Any way one looks at it, self-care should feel good. No arguments there. Lasting satisfaction or pleasure, however, doesn’t always come in the form of food, sunshine, exercise, good friends, or sleep, which, undeniably, make up the foundation of any good self-care plan. When we talk about any effort to maximize one’s physical, emotional, spiritual, and mental well-being, we cannot ignore one important prerequisite: Do you feel worthy of this practice, activity, or behavior?
You Deserve a Break
Each self-care gesture is only as effective as your ability to engage without feeling guilty. Guilt annihilates self-care. Guilt emerges when you cannot reconcile your desire to respect and care for yourself with feelings that you don’t deserve it.
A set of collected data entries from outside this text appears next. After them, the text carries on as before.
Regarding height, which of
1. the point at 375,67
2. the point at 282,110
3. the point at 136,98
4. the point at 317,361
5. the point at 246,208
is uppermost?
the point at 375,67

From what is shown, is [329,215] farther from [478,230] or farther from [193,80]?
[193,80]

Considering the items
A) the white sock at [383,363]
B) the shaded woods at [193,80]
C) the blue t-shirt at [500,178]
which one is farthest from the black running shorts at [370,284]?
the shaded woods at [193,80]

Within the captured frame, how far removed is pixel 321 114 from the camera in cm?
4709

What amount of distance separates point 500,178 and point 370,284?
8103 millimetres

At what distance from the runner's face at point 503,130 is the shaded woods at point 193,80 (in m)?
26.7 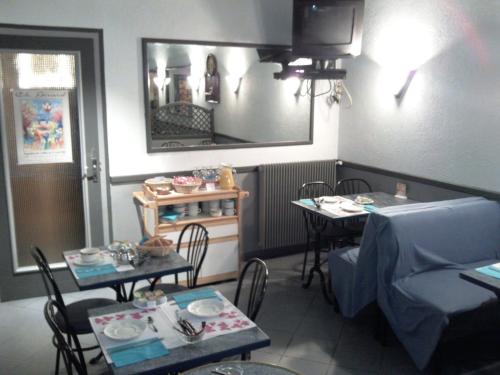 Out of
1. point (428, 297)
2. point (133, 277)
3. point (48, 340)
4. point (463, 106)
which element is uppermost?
point (463, 106)

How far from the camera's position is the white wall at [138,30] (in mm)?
3590

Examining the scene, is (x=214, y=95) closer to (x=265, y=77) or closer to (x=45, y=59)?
(x=265, y=77)

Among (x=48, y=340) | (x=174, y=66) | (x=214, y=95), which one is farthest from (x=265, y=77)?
(x=48, y=340)

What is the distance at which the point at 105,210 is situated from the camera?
3957mm

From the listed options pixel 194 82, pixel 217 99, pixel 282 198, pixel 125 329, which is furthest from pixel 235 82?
pixel 125 329

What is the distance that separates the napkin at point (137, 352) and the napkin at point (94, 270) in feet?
2.50

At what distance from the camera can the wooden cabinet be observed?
3.74 m

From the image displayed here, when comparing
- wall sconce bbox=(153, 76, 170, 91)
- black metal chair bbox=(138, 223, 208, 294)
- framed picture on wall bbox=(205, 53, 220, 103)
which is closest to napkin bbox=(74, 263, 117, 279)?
black metal chair bbox=(138, 223, 208, 294)

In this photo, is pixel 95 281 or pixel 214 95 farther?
pixel 214 95

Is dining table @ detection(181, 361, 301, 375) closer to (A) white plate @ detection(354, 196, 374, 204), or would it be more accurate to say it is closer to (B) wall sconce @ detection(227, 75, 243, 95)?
(A) white plate @ detection(354, 196, 374, 204)

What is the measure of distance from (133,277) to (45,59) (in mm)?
2051

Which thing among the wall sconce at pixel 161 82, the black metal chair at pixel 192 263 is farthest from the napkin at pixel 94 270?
the wall sconce at pixel 161 82

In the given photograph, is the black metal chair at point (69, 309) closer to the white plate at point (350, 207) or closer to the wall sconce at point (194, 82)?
the white plate at point (350, 207)

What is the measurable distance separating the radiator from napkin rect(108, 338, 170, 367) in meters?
2.81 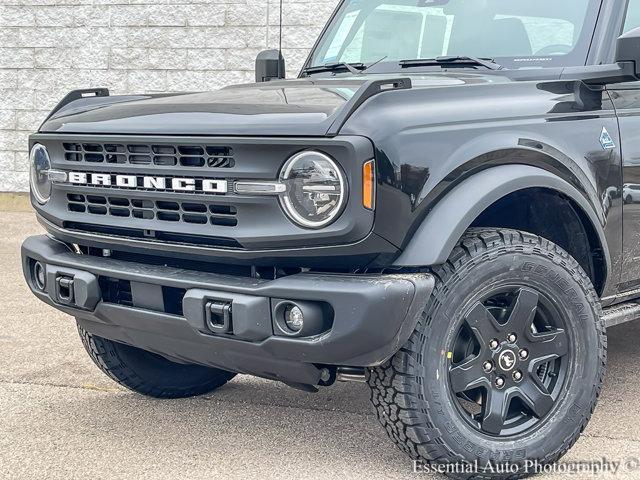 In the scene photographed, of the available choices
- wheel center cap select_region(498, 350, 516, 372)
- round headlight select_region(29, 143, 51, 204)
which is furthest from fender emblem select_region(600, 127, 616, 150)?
round headlight select_region(29, 143, 51, 204)

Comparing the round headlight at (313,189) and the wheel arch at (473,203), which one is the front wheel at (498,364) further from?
the round headlight at (313,189)

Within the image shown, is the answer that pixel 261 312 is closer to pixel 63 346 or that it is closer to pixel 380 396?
pixel 380 396

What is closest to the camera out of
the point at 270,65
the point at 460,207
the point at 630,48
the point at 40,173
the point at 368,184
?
the point at 368,184

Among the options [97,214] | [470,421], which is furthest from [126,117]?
[470,421]

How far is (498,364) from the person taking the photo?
3.05 metres

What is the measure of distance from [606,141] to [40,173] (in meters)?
2.12

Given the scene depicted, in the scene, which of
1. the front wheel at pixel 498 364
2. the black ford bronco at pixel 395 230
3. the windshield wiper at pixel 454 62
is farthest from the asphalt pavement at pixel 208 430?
the windshield wiper at pixel 454 62

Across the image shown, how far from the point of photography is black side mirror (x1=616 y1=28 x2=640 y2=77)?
10.6 ft

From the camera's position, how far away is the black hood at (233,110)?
2811 millimetres

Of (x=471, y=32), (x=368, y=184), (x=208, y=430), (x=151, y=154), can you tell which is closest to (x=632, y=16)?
(x=471, y=32)

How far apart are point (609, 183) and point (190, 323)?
5.32ft

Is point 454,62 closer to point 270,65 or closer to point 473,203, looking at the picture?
point 473,203

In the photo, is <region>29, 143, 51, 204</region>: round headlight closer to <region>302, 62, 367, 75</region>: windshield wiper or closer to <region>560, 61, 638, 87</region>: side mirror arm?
<region>302, 62, 367, 75</region>: windshield wiper

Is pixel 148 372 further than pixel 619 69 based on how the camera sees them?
Yes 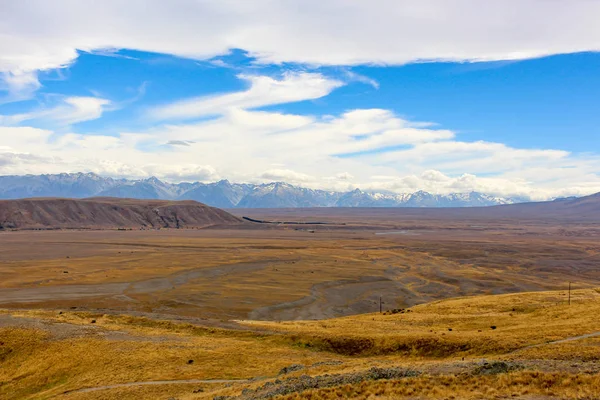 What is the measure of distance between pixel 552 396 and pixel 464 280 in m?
76.8

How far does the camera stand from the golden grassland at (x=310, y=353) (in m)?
20.0

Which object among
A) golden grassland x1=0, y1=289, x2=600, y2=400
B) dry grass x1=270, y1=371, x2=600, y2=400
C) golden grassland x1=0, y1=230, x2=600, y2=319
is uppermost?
dry grass x1=270, y1=371, x2=600, y2=400

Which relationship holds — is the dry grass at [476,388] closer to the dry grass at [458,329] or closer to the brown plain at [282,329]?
the brown plain at [282,329]

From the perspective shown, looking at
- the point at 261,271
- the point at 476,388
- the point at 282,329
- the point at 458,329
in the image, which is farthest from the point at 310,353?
the point at 261,271

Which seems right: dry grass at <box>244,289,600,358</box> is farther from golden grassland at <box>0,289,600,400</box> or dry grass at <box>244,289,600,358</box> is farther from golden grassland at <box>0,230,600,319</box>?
golden grassland at <box>0,230,600,319</box>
Everyone does. Especially now, when fatigue and overwhelm have taken root and permeate every thought, every action, and every breath. It is no longer enough to self-sooth our souls. We must self-heal. Emotional, mental, psychological and spiritual healing comes from within. From a deep, earnest sense of worthiness. Only then will the soothing shower, the calming massage, the Netflix binging, and other external gifts of respite truly settle in and feel good. Relaxation alone is a crucial part of self-care, but unless there are longstanding changes, we all have to return to the very same reality from which we were seeking an escape.
Are You Getting In Your Own Way?
Are you ready to feel better? Yes? Are you sure?
Let’s start with some hard questions:
- Are you putting the needs of others before yours on a regular basis?
- Is it hard for you to say no?
- Is it hard for you to say yes?
- Do you feel guilty when you do something just for you?
- Are you embarrassed to ask for something you need?
- Do you believe that me-time is inherently selfish?
- Do you worry about how others may regard you? Or judge you? Or condemn you? If you make a choice they don’t agree with?
- Is it hard for you to stand up for yourself?
These are some of the core beliefs that may interfere with your ability to engage in activities that augment well-being. Think about ways you might be holding yourself back from taking good care of yourself. Self-care is not merely a thing you do or an act you take. It is a manner of thinking, a mindset; it’s a function of being. It is not an intermittent luxury or a palliative intervention. It is an essential, enduring, and intentional way of life.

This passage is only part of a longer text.